- _WHAT THIS TASK INVOLVES_: Please retype the entries exactly as they stand, leaving out any pictures.

- _THE DATA_:
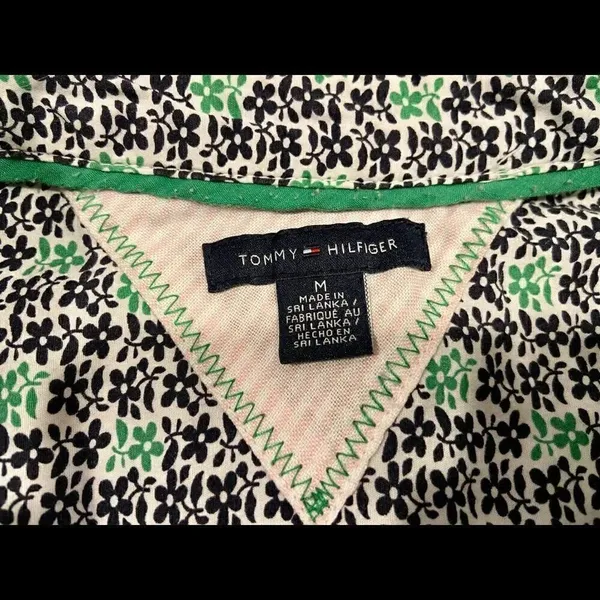 Tommy Hilfiger Floral Short Sleeve Button Down Short Sleeve Blouse Size Medium - Image 5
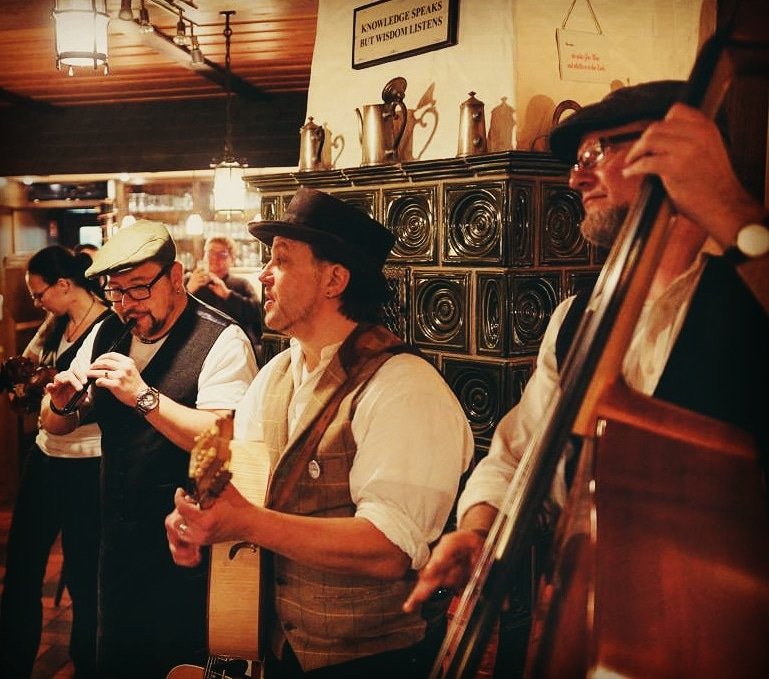 lusejungen's tweet photo. Am Samstag den 26.10. spielen wir Lusejungen in der Krone in Eschwege. Wir freuen uns auf Euch!!! https://t.co/qcGKYppxF0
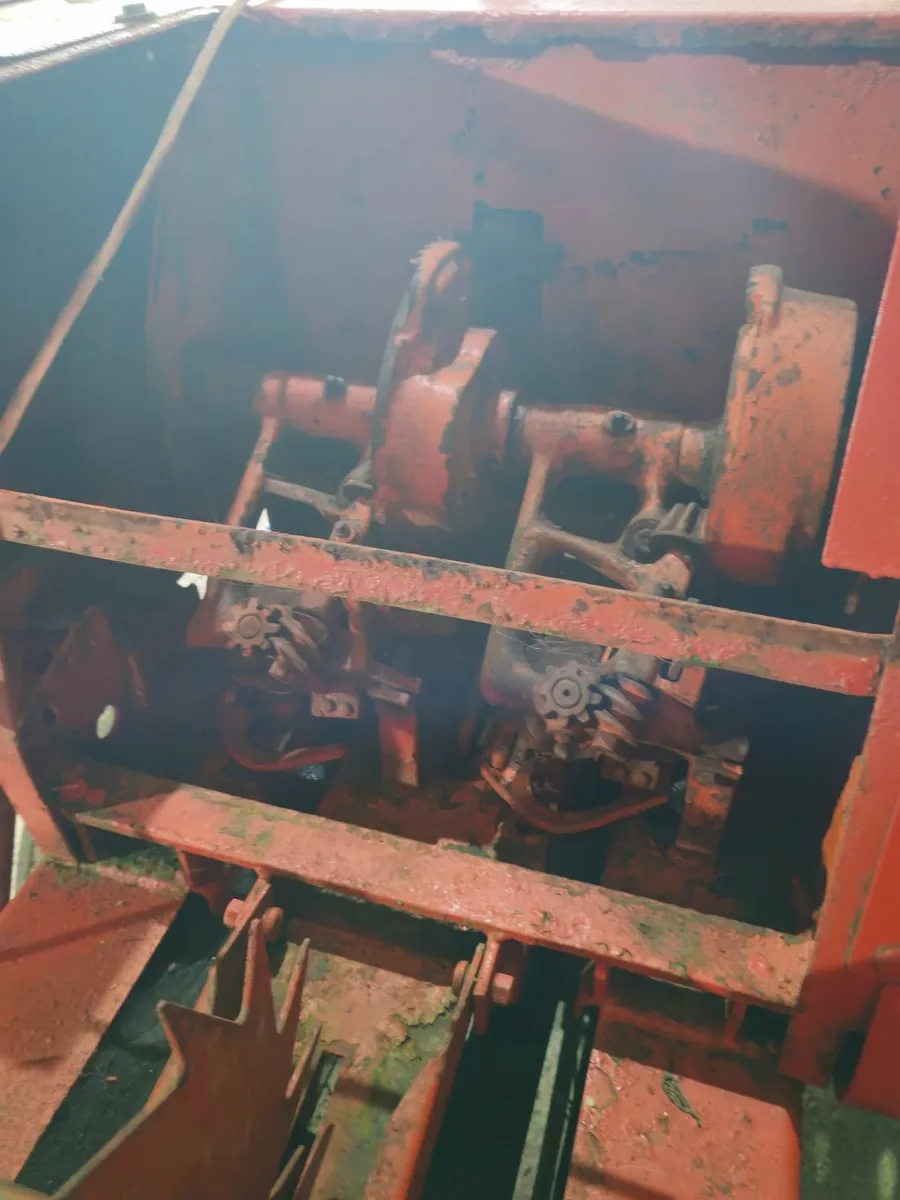 Bamford square baler - Image 1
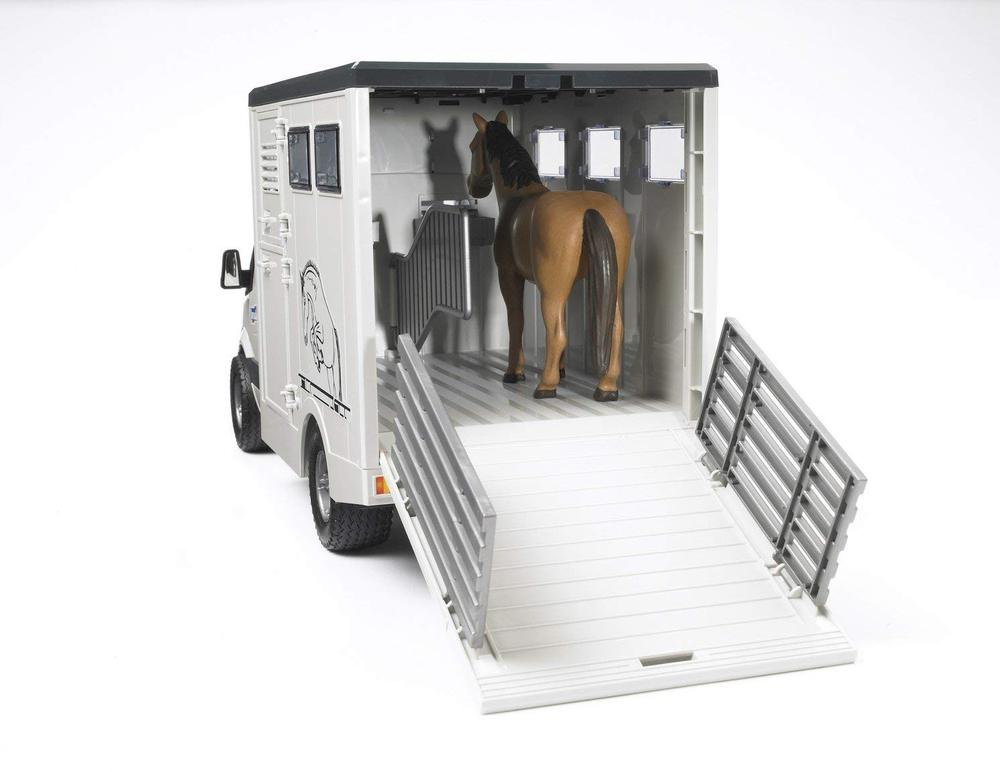 MB Sprinter Animal Transporter with 1 Horse, from Bruder and Totally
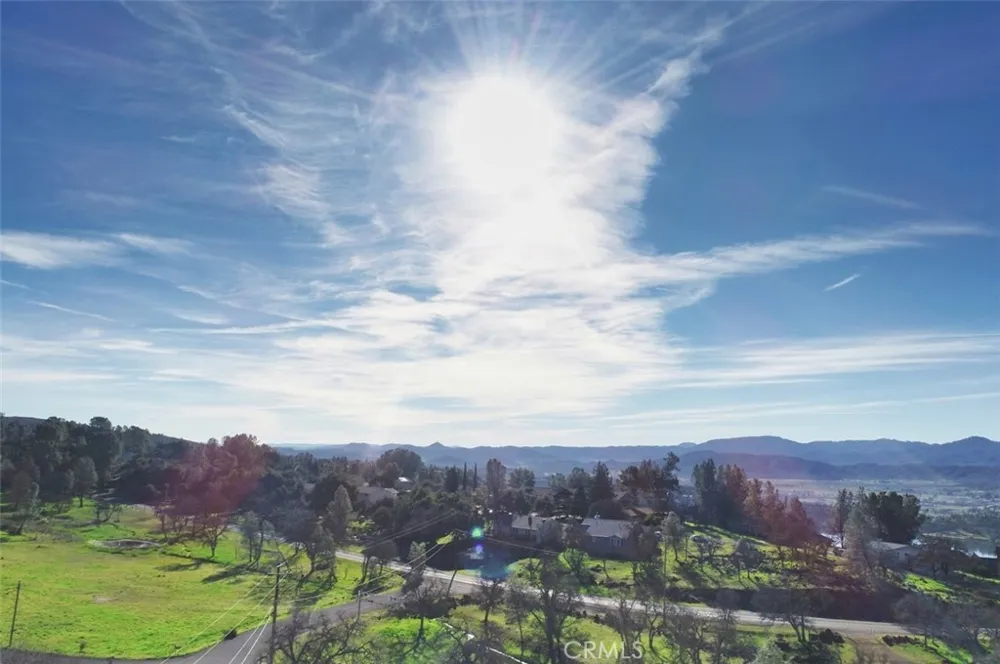 16452 Eagle Rock Hidden Valley Lake, CA 95467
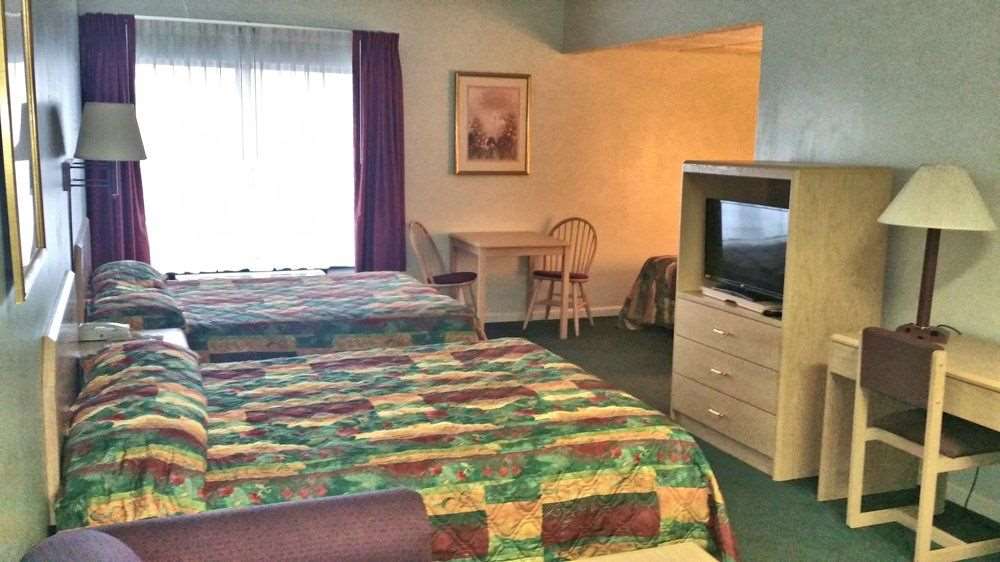 Baymont by Wyndham Cookeville 4/12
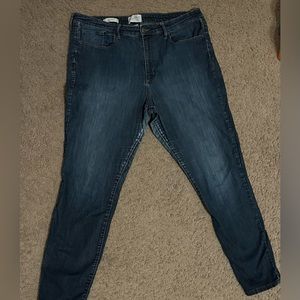 Women’s Blue Jeans Size 18/34 R Universal Thread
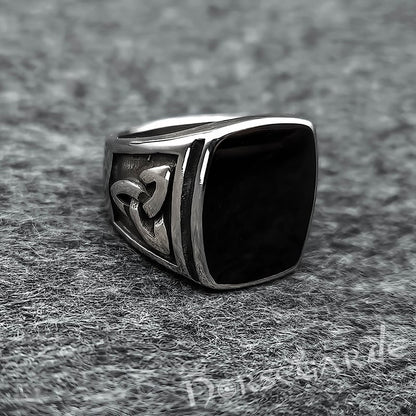 Black Celtic Knot Ring - Stainless Steel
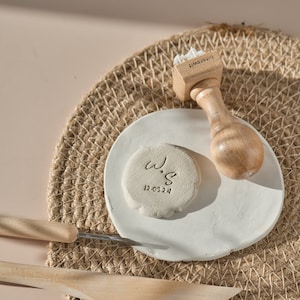 Timbro in argilla personalizzato con monogramma e data del matrimonio per bomboniere fai da te in argilla, bomboniere personalizzate per sapone da matrimonio, timbro per sapone con iniziali personalizzate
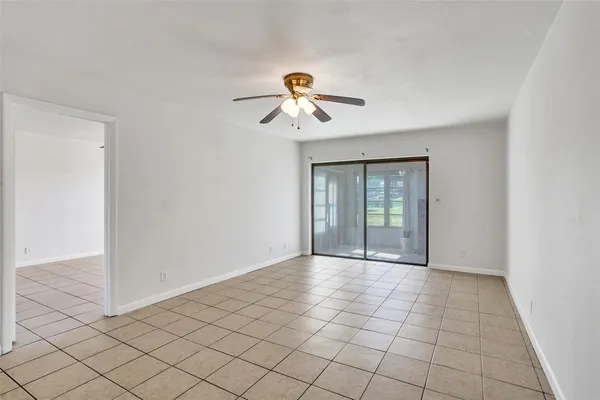 $1,550 | 9273 Southwest 8th Street, Unit 117, Boca Raton, FL 33428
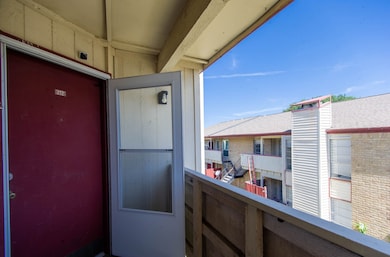 919 S Weatherred Dr unit 212C, Richardson, TX 75080 - photo 3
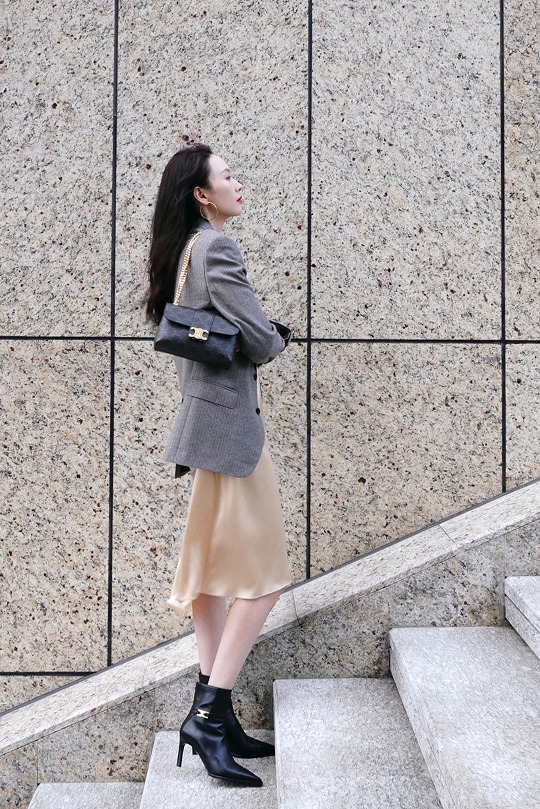 Tong Yao with Victoire Bag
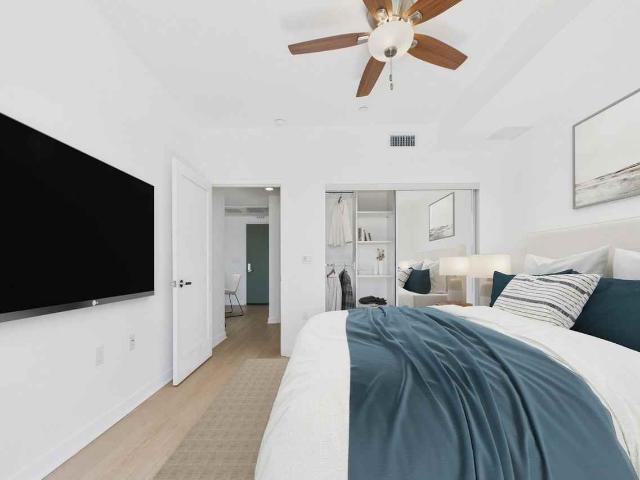 Apartment for rent in Canoga Park, California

- _EXPECTED ANSWER_:
 Tommy Hilfiger Floral Short Sleeve Button Down Short Sleeve Blouse Size Medium - Image 5
 lusejungen's tweet photo. Am Samstag den 26.10. spielen wir Lusejungen in der Krone in Eschwege. Wir freuen uns auf Euch!!! https://t.co/qcGKYppxF0
 Bamford square baler - Image 1
 MB Sprinter Animal Transporter with 1 Horse, from Bruder and Totally
 16452 Eagle Rock Hidden Valley Lake, CA 95467
 Baymont by Wyndham Cookeville 4/12
 Women’s Blue Jeans Size 18/34 R Universal Thread
 Black Celtic Knot Ring - Stainless Steel
 Timbro in argilla personalizzato con monogramma e data del matrimonio per bomboniere fai da te in argilla, bomboniere personalizzate per sapone da matrimonio, timbro per sapone con iniziali personalizzate
 $1,550 | 9273 Southwest 8th Street, Unit 117, Boca Raton, FL 33428
 919 S Weatherred Dr unit 212C, Richardson, TX 75080 - photo 3
 Tong Yao with Victoire Bag
 Apartment for rent in Canoga Park, California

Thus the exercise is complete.